More sockeye salmon are dying before they spawn this year, and scientist want to know why.
 
Biologists with West Fork Environmental collect sockeye carcasses as they cover more than 20 miles of salmon habitat in the Cedar River each week.
 
So far this season, they’ve picked up 1,600 dead fish. They mark the GPS location of each carcass and tag the fish. This year, they’ve found more sockeye dying before they ever spawn.
 
“That’s been one of the biggest Eureka’s and surprises, but it’s not a good one, because there’s mystery around this disease or suite of diseases, and then problems with what we can do to counteract it,” Michelle Koehler, who works with Seattle Public Utilities on the carcass survey.
 
The heads of the salmon are dissected for the otolith, which is a piece of the inner ear that tells scientists whether the fish are hatchery or wild sockeye.

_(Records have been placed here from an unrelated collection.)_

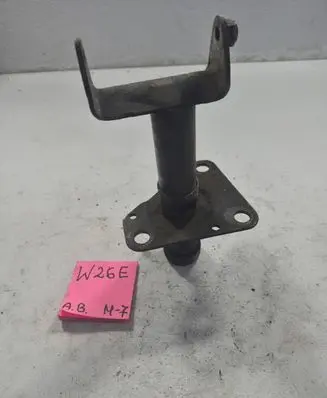 Volkswagen PASSAT B5 Front bumper mounting bracket 3B0807133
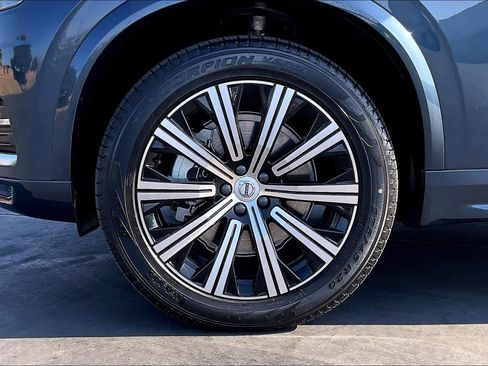 Used 2025 Volvo XC90 B6 Core w/ Climate Package image 12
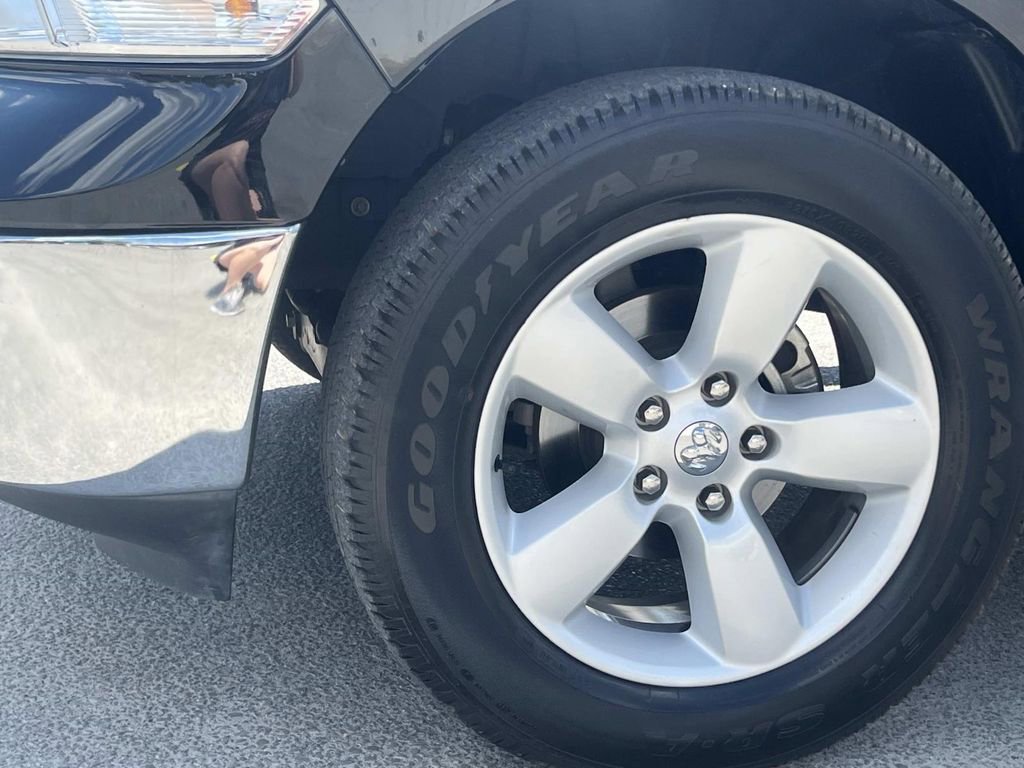 Used 2024 RAM 1500 Tradesman w/ Tradesman SXT Package image 9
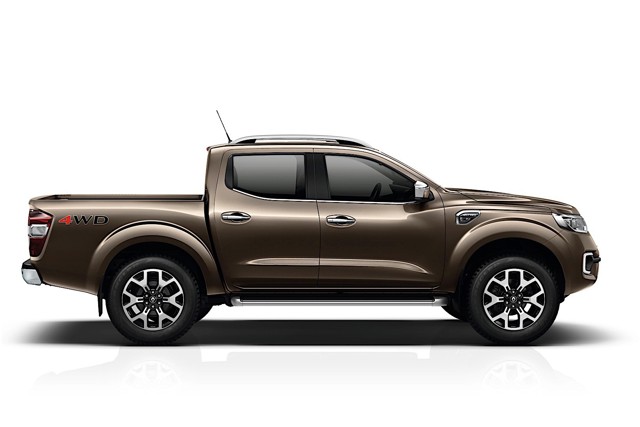 Renault Alaskan photo 16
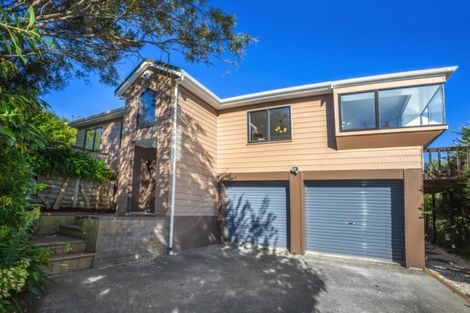 Photo of property in 60 Sailmaker Close, Whitby, Porirua, 5024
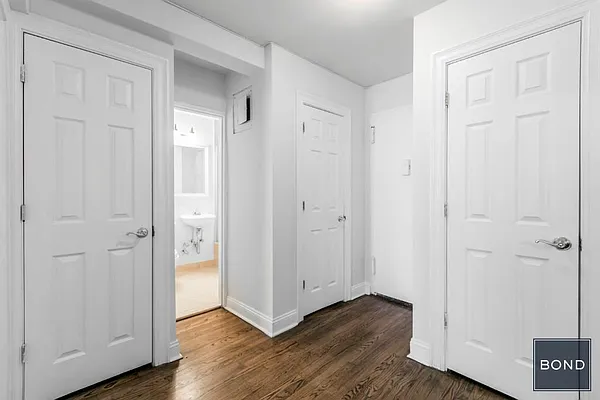 Sold by Bond New York | media 10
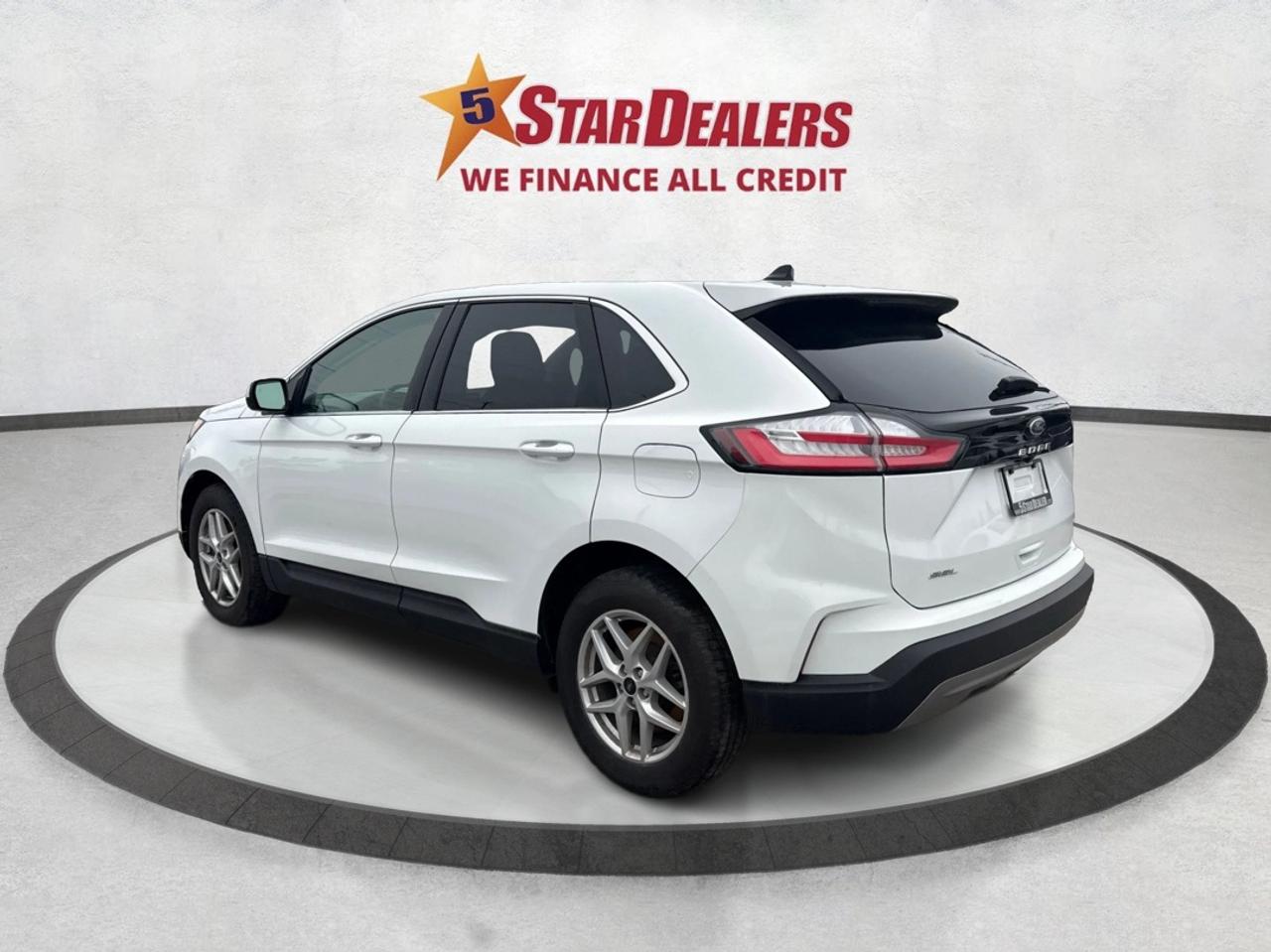 2024 Ford Edge SEL AWD HEATED SEATS LOADED WE FINANCE ALL CREDIT! Photo4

It also tells age and provides clues about environmental conditions during the sockeye’s lifetime.
 
Scientists want to know how hatchery sockeye affect wild salmon. The collection also shows whether the hatchery fish are spawning around all parts of the river.
 
“That’s what these scientists have actually been able to verify,” said Michelle Koehler, who works with Seattle Public Utilities on the carcass survey.
 
The disease that is killing the salmon is likely caused by a parasite, but it could be more common with warming water temperatures. There is no human health risk associated with the disease, according to West Fork Environmental.